A variety of incongruous results (at face value) can occur when statistical significance is understood as a simple dichotomy and judged on the mere basis of which is higher, the $p$ or the $\alpha$. @Glen_b's answer to the above question presents a useful example of a case where:

  • An ANOVA $F$-test produces a $p_F<.05$ for one independent variable (IV) with four levels, but
  • $p_t>.08$ for all two-sample $t$-tests that compare differences in the same dependent variable (DV) among observations corresponding to each pair of the IV's four levels.

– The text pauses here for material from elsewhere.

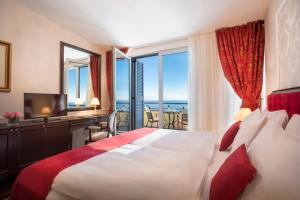 Rúm í herbergi á Hotel Kvarner - Liburnia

A similar case arose despite Bonferroni corrections for post-hoc pairwise comparisons via this question: Anova repeated measures is significant, but all the multiple comparisons with Bonferroni correction are not? Previously mentioned cases with a slightly different test in multiple regression also exist:

I bet that in cases like these, some (but not all) pairwise comparisons' (or regression coefficients' significance tests') $p$ values must be fairly close to $\alpha$ if a corresponding omnibus test can achieve a $p <\alpha$. I see this is the case in @Glen_b's first example, where $F_{(3,20)}=3.19$, $p_F=.046$, and the largest pairwise difference gives the smallest $p_t=.054$. Must this be the case in general? More specifically:


Question: If an ANOVA $F$-test produces a $p_F=.05$ for one polytomous IV's effect on a continuous DV, how high could the lowest $p$ value be among all two-sample $t$-tests that compare each pair of the IV's levels? Could the minimum pairwise significance be as high as $p_t=.50$?


I welcome answers that address only this specific question. However, to further motivate this question, I'll elaborate and throw in some potentially rhetorical questions. Feel welcome to address these concerns as well, and even to ignore the specific question if you like, especially if the specific question gets a definitive answer.

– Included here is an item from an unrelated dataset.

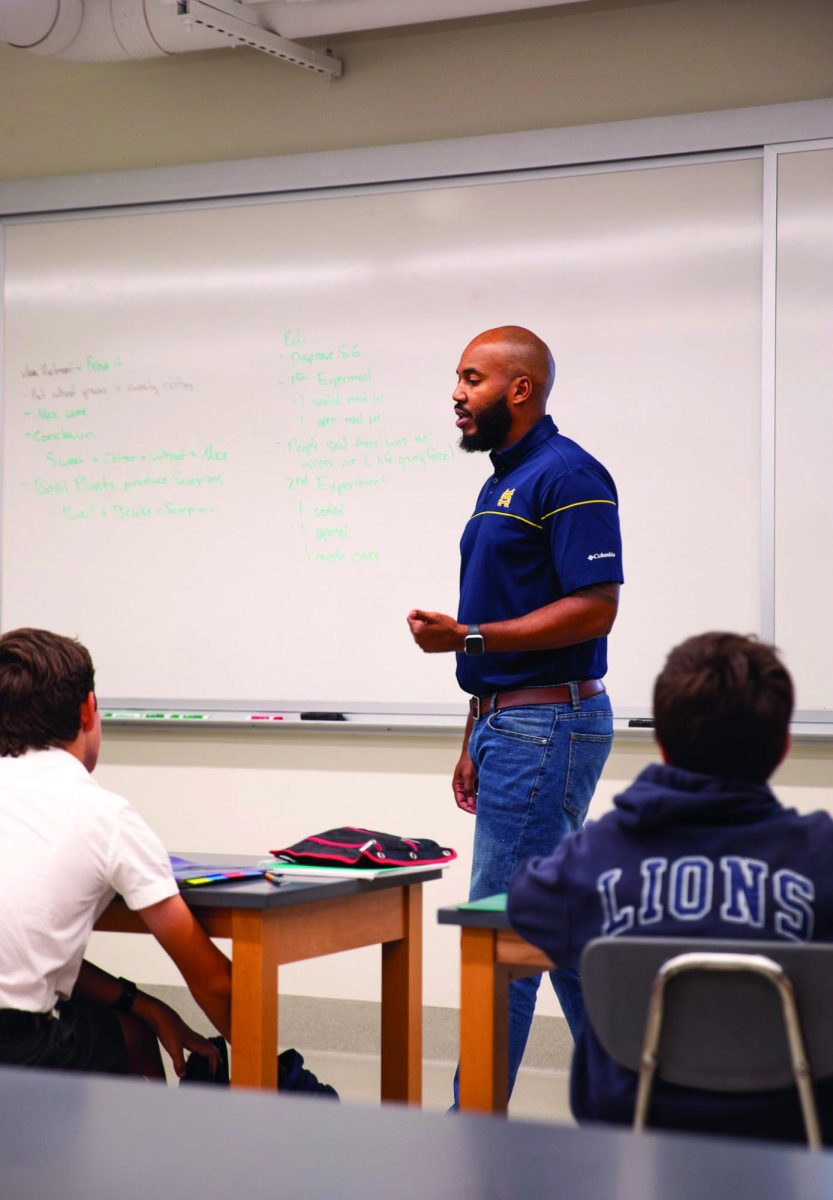 Newly appointed AP Environmental Science teacher Ryan Brewer instructs his ninth grade biology class on Francesco Redi’s experiment.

Significance: Consider how much less important the difference between a $p_F=.04$ and a $p_t=.06$ would be if statistical significance were judged in continuous terms of the strength of evidence against the null hypothesis (Ron Fisher's approach, I think?), rather than in dichotomous terms as above or below an $\alpha=.05$ threshold for acceptable probability of error in choosing whether to reject the null wholesale. "$p$-hacking" is a known problem that partly owes its notoriety to an unnecessary vulnerability introduced by interpretation of $p$ values according to the common practice of dichotomizing significance into the equivalents of "good enough" and "not good enough." If one were to dispose this practice and focus instead on interpreting $p$ values as strength of evidence against the null on a continuous interval, might omnibus testing be somewhat less important when one really cares about multiple pairwise comparisons? Not useless necessarily, as any reasonably efficient improvement in statistical accuracy is of course desirable, but...if, for instance, the lowest pairwise comparison's $p$ value is necessarily within $.10$ of the ANOVA (or other omnibus test) $p$ value, doesn't this make the omnibus test somewhat more trivial, less compulsory, and even more misleading (in conjunction with preexisting misunderstandings), especially if one doesn't particularly want to control $\alpha$ across multiple tests?

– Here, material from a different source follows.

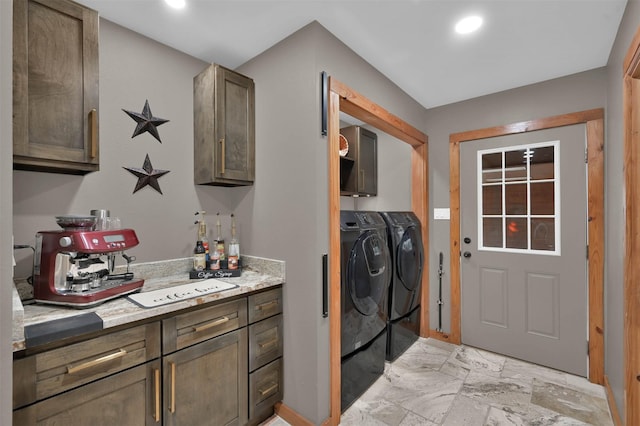 washroom with cabinets, independent washer and dryer, and indoor bar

Conversely, if data may exist such that an omnibus $p=.05$, but all pairwise $p>.50$, shouldn't this further motivate omnibus and contrast testing throughout practice and pedagogy? It seems to me that this issue should also inform the relative merits of judging statistical significance according to a dichotomy vs. a continuum, in that the dichotomous interpretive system should be more sensitive to small adjustments when differences are "marginally significant", whereas neither system is safe from a failure to perform an omnibus test or adjust for multiple comparisons if this difference / adjustment can be very large (e.g., $p_t-p_F>.40)$ in theory.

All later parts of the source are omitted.